Because sometimes a status update just isn't enough.

07 June 2012

Well played, Karma... Well played.







The other night, my friend Lindsay called to tell me a HILARIOUS story about her mother.

Apparently, they had gone to a restaurant that had been recommended to them by a new friend, as they just recently moved from California to Bumfuck, Wyoming.  

After the cocktails arrived, Lindsay's mom announced, "I'm not feeling so good..." and then proceeded to projectile vomit right there at the table.

(I'm not going to go into as graphic of details as Lindsay did... Thanks, doll, for those images that will never leave my brain, by the way... but suffice it to say, it wasn't pretty.)

Lindsay, her baby, her mom and the booth they were sitting in were pretty well demolished.  After the mess was cleaned up (the poor, poor wait staff... omg... there is not a big enough tip in the world to make up for that) and Lindsay was packing up the baby and preparing herself to do the Walk Of Shame out of the restaurant, her mom announced, "I feel better now!  Want to stay and eat?" and then proceeded to finish her margarita.


Could someone please hand me my drink and an appetizer?

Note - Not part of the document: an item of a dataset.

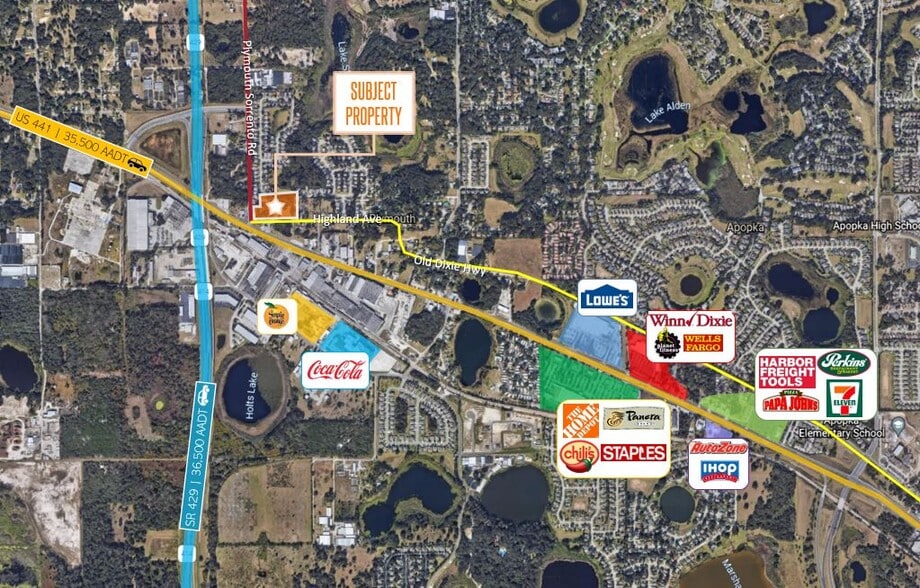 2771-2793 W Highland Ave, Apopka, FL à vendre - Aérien - Image 2 de 2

(That's my favorite part, right there.  Seriously.  Lindsay's mom is freaking ROCK STAR.)


Upon hearing this story, I literally laughed myself into a pants-wetting asthma attack.  No lie.  We howled with hilarity as Lindsay described how she now calls her mother "Chuck" and I cracked myself up to the point of no return by saying, "What's UP, Chuck?" and "Hey, Chuck... how are Ralph and Huey?"  

Oh, how our gales of girlish guffaws traveled down the phone wires that night!

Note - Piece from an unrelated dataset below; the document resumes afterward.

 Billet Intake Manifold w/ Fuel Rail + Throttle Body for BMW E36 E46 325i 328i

Oh, how we enjoyed ourselves at Lindsay's mom's expense!


Oh, how I entertained my in-laws this past weekend with this delightful little saga of vomit and embarrassment!

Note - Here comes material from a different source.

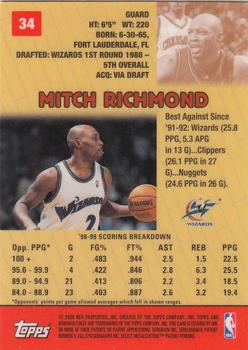 1999-00 Bowman's Best #34 Mitch Richmond Back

Me, 6758 times before, during, and after relating this story:  "Oh my God... can you imagine?  I would have died on the spot!!  HILARIOUS!"






Flash forward to last night:

Dan and I decided to try a new restaurant last night and went to a local Mongolian Grill.  The ambiance was nice, the art work beautiful, the place smelled divine.  I was super excited because, well, Number 1:  Food was involved and Number 2:  I'd never had Mongolian Grill before.  I've never been a giant fan of Asian cuisine but everyone assured me I would love this, so hey... what's the worst thing that could happen, right?

RIGHT?



The restaurant featured a charming and well stocked buffet filled with delectable side dishes that you could add to your entree'.  Not being a fan of buffets, I was still intrigued... but cautious.

OR SO I THOUGHT.

I filled my plate with pickled pears and cucumbers (delish), averted my eyes from the squid salad (seriously... WTF???) and went a little piggy with the fresh cut fruit.  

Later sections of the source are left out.